## Dataset records:
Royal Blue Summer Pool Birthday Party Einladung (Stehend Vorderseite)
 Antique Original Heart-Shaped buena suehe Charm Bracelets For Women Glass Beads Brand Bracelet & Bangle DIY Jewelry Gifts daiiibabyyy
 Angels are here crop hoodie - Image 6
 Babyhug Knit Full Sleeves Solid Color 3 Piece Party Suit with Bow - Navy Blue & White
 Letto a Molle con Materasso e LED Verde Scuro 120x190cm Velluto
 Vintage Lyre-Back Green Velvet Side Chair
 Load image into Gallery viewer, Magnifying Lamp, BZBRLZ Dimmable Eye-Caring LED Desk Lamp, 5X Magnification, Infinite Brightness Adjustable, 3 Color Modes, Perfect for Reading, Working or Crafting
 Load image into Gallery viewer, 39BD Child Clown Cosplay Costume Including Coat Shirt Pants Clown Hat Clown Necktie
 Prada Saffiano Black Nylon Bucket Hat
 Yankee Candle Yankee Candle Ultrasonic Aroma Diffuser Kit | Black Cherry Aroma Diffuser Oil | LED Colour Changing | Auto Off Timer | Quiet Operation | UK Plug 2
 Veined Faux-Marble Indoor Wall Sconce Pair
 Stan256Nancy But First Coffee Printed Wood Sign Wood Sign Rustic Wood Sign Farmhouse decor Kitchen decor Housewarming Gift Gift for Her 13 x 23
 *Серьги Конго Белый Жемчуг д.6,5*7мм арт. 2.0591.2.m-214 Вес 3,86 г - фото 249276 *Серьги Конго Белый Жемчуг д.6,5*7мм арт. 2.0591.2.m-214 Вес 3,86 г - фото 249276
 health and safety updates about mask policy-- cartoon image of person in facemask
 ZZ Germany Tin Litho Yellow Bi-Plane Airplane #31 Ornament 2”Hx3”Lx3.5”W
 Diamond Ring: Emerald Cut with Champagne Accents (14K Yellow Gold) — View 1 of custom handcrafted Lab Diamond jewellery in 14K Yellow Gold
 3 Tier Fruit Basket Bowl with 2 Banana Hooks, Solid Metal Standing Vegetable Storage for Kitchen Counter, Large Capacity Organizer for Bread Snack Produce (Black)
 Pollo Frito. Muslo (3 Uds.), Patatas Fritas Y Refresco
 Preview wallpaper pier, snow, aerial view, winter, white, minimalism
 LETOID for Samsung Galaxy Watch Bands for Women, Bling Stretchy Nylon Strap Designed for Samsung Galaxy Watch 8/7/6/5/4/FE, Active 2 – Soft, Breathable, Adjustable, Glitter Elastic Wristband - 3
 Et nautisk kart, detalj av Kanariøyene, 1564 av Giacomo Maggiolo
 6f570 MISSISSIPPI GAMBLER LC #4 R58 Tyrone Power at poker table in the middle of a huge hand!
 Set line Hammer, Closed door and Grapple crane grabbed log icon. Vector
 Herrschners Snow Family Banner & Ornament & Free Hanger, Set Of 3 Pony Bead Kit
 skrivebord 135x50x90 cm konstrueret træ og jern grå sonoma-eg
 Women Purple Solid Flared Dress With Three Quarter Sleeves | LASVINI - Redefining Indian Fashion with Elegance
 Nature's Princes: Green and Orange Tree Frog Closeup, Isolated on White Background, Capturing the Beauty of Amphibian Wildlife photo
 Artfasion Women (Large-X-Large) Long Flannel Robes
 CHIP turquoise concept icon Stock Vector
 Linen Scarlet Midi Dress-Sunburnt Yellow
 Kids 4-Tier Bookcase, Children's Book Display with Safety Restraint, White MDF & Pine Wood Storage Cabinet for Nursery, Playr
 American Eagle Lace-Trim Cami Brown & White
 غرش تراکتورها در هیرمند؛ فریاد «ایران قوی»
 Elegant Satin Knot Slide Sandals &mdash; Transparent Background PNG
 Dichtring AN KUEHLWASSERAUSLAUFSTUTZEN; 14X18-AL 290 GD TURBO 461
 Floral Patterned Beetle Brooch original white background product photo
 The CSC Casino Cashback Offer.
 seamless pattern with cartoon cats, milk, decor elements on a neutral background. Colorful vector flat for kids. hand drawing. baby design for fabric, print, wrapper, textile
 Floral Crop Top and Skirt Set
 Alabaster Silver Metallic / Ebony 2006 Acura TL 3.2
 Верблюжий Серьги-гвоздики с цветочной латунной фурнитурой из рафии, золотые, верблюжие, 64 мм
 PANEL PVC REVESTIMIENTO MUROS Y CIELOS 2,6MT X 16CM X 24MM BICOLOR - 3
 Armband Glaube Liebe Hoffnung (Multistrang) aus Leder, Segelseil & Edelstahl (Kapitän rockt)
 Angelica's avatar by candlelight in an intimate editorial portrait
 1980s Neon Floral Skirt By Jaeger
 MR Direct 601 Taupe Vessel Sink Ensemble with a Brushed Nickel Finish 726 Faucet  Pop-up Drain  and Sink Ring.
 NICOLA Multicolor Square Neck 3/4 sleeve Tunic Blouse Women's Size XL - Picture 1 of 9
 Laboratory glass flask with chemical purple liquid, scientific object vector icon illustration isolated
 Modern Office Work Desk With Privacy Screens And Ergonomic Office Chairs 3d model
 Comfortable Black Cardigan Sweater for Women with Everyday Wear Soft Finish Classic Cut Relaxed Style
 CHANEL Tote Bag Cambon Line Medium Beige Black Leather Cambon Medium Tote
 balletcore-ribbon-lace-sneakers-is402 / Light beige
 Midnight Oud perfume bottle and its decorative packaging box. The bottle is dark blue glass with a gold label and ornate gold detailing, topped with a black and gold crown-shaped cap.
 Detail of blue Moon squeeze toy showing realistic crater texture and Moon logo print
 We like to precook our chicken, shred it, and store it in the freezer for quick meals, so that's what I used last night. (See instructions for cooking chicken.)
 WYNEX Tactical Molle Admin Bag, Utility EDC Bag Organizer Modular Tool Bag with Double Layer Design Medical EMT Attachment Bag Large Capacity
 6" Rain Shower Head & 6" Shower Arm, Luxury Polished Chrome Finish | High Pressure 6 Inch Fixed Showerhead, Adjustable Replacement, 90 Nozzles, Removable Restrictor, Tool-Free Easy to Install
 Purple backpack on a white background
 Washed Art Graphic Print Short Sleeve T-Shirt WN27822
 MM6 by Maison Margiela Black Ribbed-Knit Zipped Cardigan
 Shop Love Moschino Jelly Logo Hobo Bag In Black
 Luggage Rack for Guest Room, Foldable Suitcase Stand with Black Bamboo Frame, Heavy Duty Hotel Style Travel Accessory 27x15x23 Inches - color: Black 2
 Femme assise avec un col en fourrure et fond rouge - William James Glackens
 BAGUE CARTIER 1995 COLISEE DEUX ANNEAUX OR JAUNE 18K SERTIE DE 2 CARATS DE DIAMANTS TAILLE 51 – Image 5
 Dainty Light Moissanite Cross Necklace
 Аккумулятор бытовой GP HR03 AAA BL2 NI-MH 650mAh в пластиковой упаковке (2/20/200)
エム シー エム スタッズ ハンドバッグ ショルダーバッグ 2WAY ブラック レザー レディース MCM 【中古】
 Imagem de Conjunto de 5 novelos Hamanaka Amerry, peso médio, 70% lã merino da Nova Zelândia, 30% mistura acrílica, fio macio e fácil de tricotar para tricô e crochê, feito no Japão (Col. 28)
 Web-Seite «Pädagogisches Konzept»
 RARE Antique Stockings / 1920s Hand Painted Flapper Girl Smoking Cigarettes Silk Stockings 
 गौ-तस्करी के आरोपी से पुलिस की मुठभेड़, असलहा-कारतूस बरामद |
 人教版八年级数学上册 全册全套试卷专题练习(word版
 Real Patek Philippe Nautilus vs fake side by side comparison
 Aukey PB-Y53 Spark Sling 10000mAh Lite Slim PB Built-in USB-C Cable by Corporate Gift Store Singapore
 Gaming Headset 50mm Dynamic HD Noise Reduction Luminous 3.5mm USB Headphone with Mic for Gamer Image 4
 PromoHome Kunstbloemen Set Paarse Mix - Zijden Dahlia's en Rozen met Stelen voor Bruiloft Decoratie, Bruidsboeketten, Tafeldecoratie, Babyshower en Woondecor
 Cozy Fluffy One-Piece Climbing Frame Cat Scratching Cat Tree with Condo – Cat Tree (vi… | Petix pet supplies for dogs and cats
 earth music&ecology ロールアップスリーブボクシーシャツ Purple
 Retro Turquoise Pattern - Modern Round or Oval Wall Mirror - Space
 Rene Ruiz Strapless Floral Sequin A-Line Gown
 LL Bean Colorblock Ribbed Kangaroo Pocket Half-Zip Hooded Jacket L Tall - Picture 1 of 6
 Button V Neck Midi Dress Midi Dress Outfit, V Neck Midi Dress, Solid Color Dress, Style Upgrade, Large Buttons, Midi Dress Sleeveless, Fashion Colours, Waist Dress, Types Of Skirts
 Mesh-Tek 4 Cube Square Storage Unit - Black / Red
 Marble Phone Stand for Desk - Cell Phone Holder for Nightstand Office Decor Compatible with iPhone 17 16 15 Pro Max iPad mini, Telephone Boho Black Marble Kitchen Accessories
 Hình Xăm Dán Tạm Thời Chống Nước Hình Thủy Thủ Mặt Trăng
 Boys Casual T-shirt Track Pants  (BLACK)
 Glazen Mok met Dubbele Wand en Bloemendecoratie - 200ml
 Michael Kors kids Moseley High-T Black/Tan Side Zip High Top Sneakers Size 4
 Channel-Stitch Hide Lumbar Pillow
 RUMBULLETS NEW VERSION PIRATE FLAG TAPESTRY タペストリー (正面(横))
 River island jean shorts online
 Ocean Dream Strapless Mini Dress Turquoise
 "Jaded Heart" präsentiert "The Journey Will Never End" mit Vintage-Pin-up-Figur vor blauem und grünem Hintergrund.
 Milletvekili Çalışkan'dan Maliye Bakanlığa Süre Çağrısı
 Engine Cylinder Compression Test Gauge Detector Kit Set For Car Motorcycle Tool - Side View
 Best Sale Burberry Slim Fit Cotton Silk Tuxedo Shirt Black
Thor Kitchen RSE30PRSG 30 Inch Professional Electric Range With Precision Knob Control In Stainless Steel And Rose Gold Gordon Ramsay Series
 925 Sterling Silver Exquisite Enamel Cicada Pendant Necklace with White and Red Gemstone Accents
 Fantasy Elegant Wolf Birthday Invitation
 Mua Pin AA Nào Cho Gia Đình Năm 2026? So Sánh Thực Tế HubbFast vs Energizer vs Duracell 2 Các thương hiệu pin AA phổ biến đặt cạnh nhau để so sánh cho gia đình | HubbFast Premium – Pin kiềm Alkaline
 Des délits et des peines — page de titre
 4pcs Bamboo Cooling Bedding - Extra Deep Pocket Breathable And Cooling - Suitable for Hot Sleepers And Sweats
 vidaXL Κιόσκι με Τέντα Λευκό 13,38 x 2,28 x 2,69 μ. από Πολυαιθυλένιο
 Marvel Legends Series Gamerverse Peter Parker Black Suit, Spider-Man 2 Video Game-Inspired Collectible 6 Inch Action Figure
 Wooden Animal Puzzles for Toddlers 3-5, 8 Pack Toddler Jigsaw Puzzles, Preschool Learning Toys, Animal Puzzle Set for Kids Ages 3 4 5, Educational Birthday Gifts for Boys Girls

## The problem:
Find where the line with "The CSC Casino Cashback Offer." sits in the material above, then copy exactly from it through the line with "We like to precook". Add no other line.

## Response box:
 The CSC Casino Cashback Offer.
 seamless pattern with cartoon cats, milk, decor elements on a neutral background. Colorful vector flat for kids. hand drawing. baby design for fabric, print, wrapper, textile
 Floral Crop Top and Skirt Set
 Alabaster Silver Metallic / Ebony 2006 Acura TL 3.2
 Верблюжий Серьги-гвоздики с цветочной латунной фурнитурой из рафии, золотые, верблюжие, 64 мм
 PANEL PVC REVESTIMIENTO MUROS Y CIELOS 2,6MT X 16CM X 24MM BICOLOR - 3
 Armband Glaube Liebe Hoffnung (Multistrang) aus Leder, Segelseil & Edelstahl (Kapitän rockt)
 Angelica's avatar by candlelight in an intimate editorial portrait
 1980s Neon Floral Skirt By Jaeger
 MR Direct 601 Taupe Vessel Sink Ensemble with a Brushed Nickel Finish 726 Faucet  Pop-up Drain  and Sink Ring.
 NICOLA Multicolor Square Neck 3/4 sleeve Tunic Blouse Women's Size XL - Picture 1 of 9
 Laboratory glass flask with chemical purple liquid, scientific object vector icon illustration isolated
 Modern Office Work Desk With Privacy Screens And Ergonomic Office Chairs 3d model
 Comfortable Black Cardigan Sweater for Women with Everyday Wear Soft Finish Classic Cut Relaxed Style
 CHANEL Tote Bag Cambon Line Medium Beige Black Leather Cambon Medium Tote
 balletcore-ribbon-lace-sneakers-is402 / Light beige
 Midnight Oud perfume bottle and its decorative packaging box. The bottle is dark blue glass with a gold label and ornate gold detailing, topped with a black and gold crown-shaped cap.
 Detail of blue Moon squeeze toy showing realistic crater texture and Moon logo print
 We like to precook our chicken, shred it, and store it in the freezer for quick meals, so that's what I used last night. (See instructions for cooking chicken.)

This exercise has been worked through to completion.